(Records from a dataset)
***

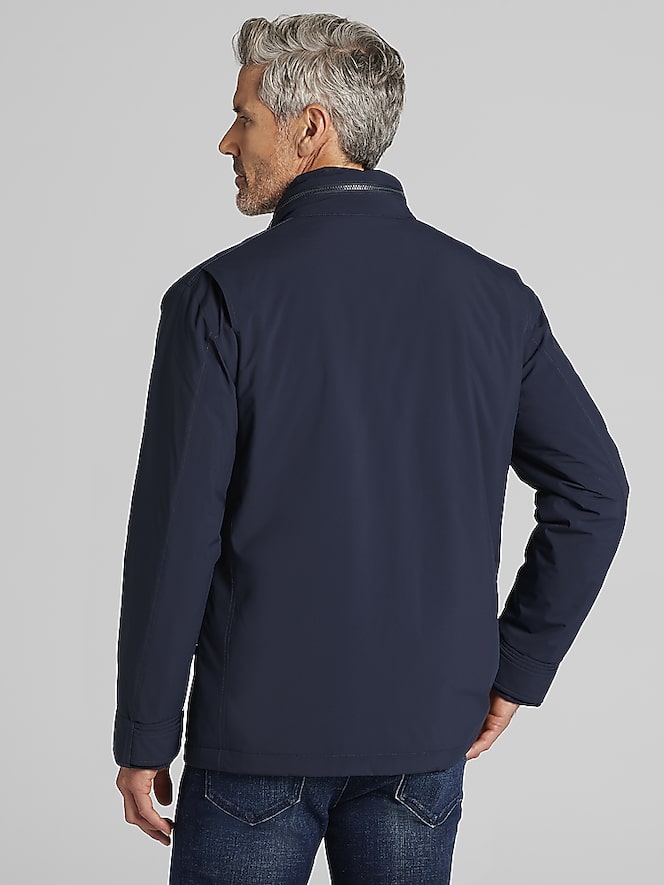 Joseph Abboud Modern Fit Insulated Field Jacket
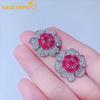 Sace Gems Classic Luxury Zircon Earrings for Women Wedding Party Gifts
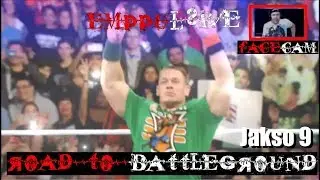 Road To Battleground! - WWE 2K17 Jakso 9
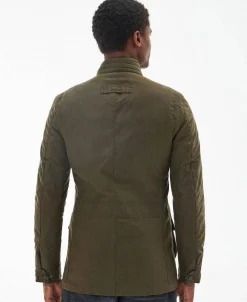 Herren Fieldjacket CORBRIDGE WAX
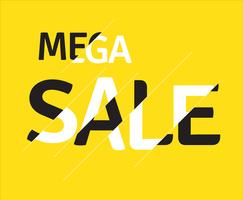 Sale Typography vector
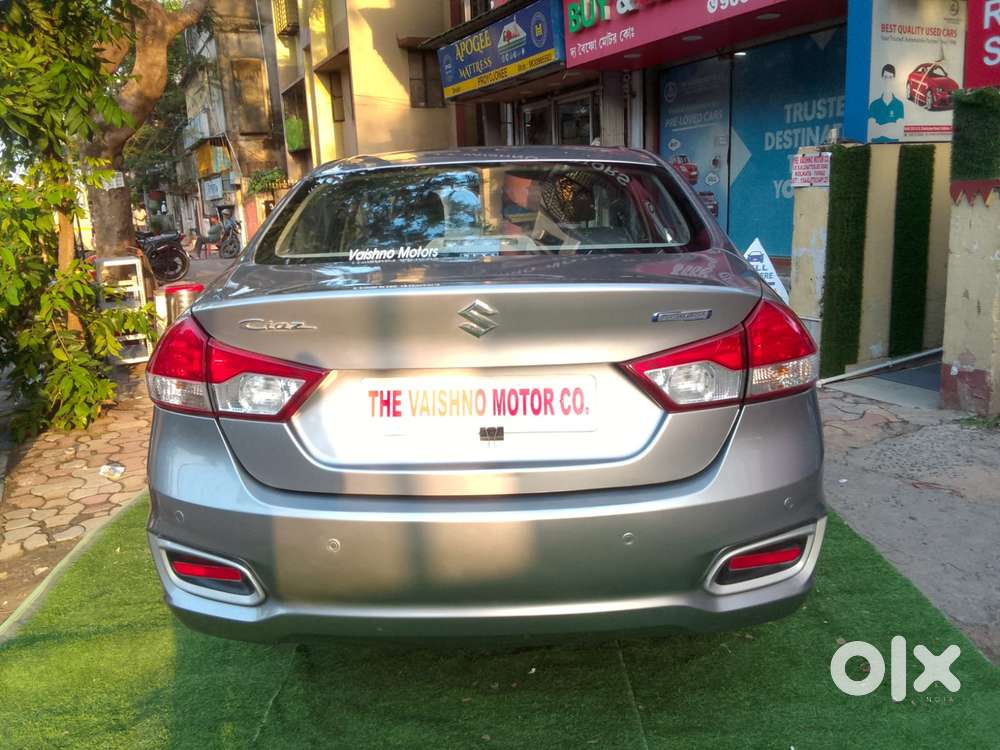 Maruti Suzuki Ciaz Smart Hybrid Delta , 2021, Petrol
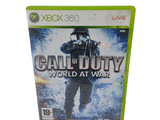 Jeu Xbox 360 « Call of Duty : World at War »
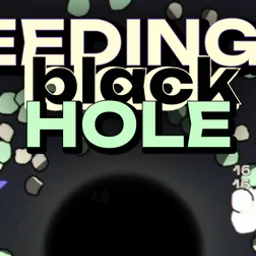 Feeding A Black Hole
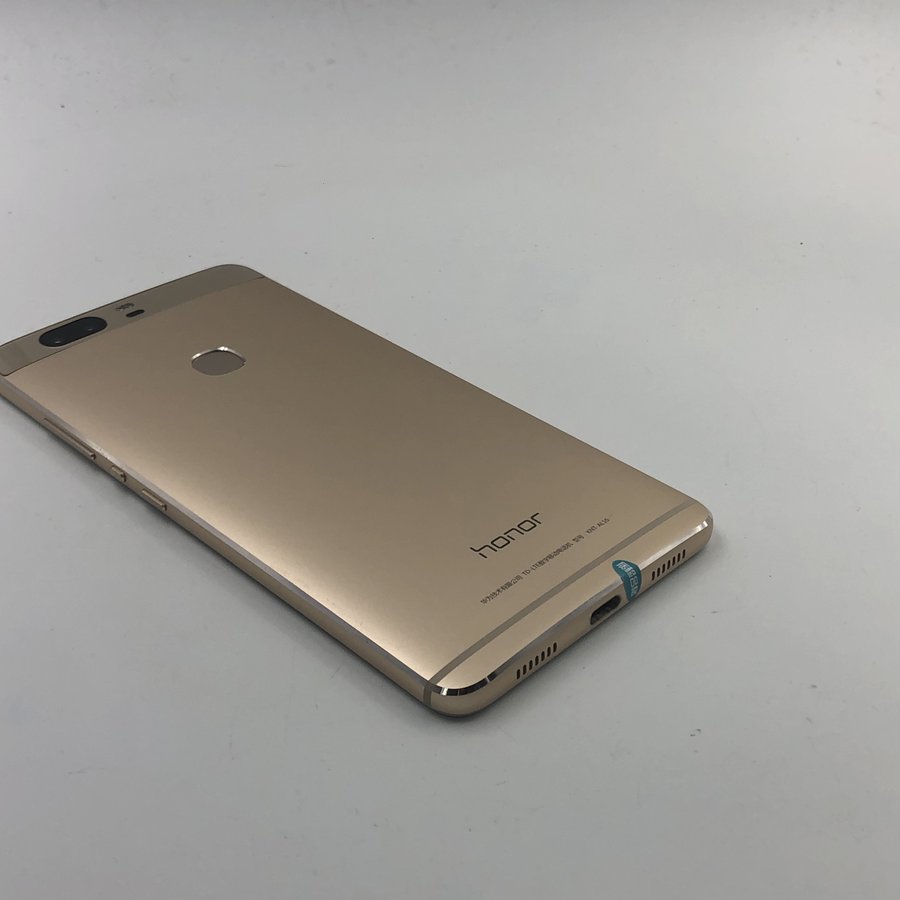 荣耀【荣耀v8】全网通 金色 32g 国行 9成新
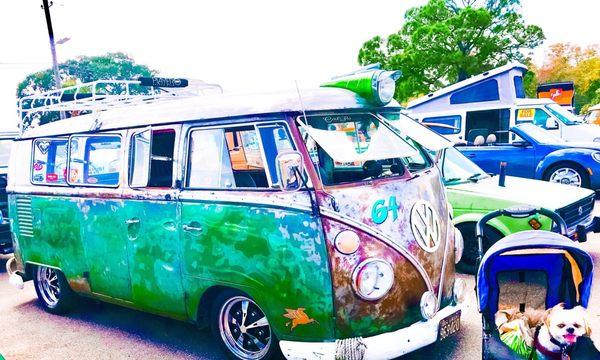 VW Buses, Beetles, & Brats Festival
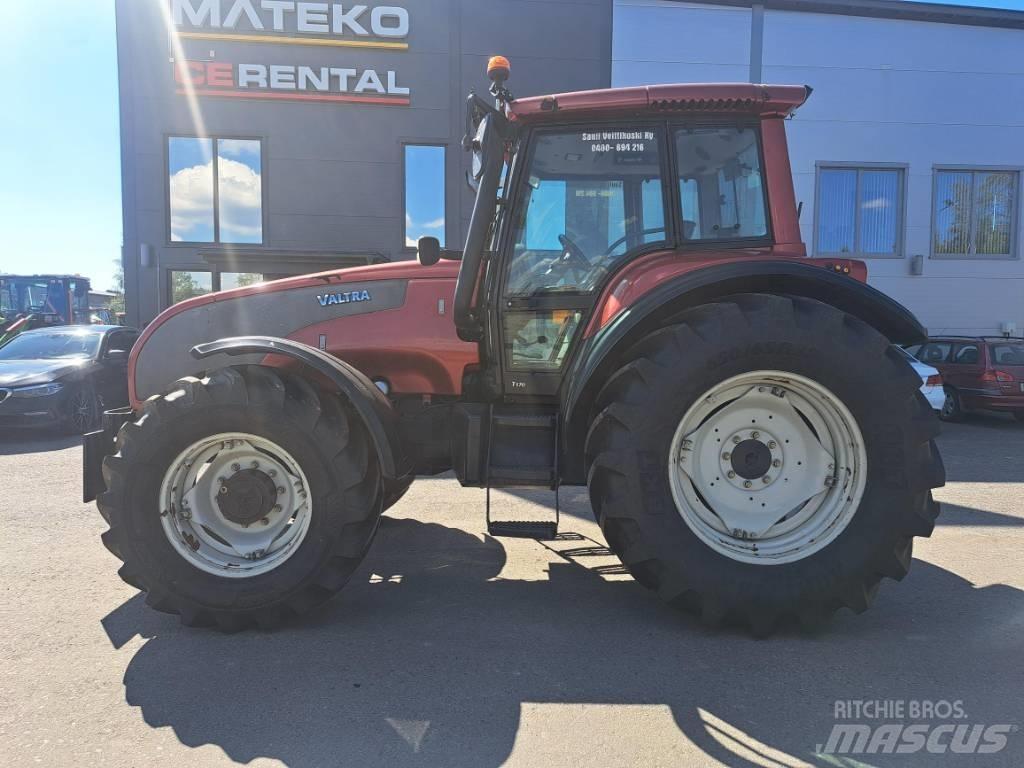 Valtra T 170 Tractoare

***

Could you repeat all of the data exactly, minus the pictures?

§ **Written solution**
 Joseph Abboud Modern Fit Insulated Field Jacket
 Sace Gems Classic Luxury Zircon Earrings for Women Wedding Party Gifts
 Road To Battleground! - WWE 2K17 Jakso 9
 Herren Fieldjacket CORBRIDGE WAX
 Sale Typography vector
 Maruti Suzuki Ciaz Smart Hybrid Delta , 2021, Petrol
 Jeu Xbox 360 « Call of Duty : World at War »
 Feeding A Black Hole
 荣耀【荣耀v8】全网通 金色 32g 国行 9成新
 VW Buses, Beetles, & Brats Festival
 Valtra T 170 Tractoare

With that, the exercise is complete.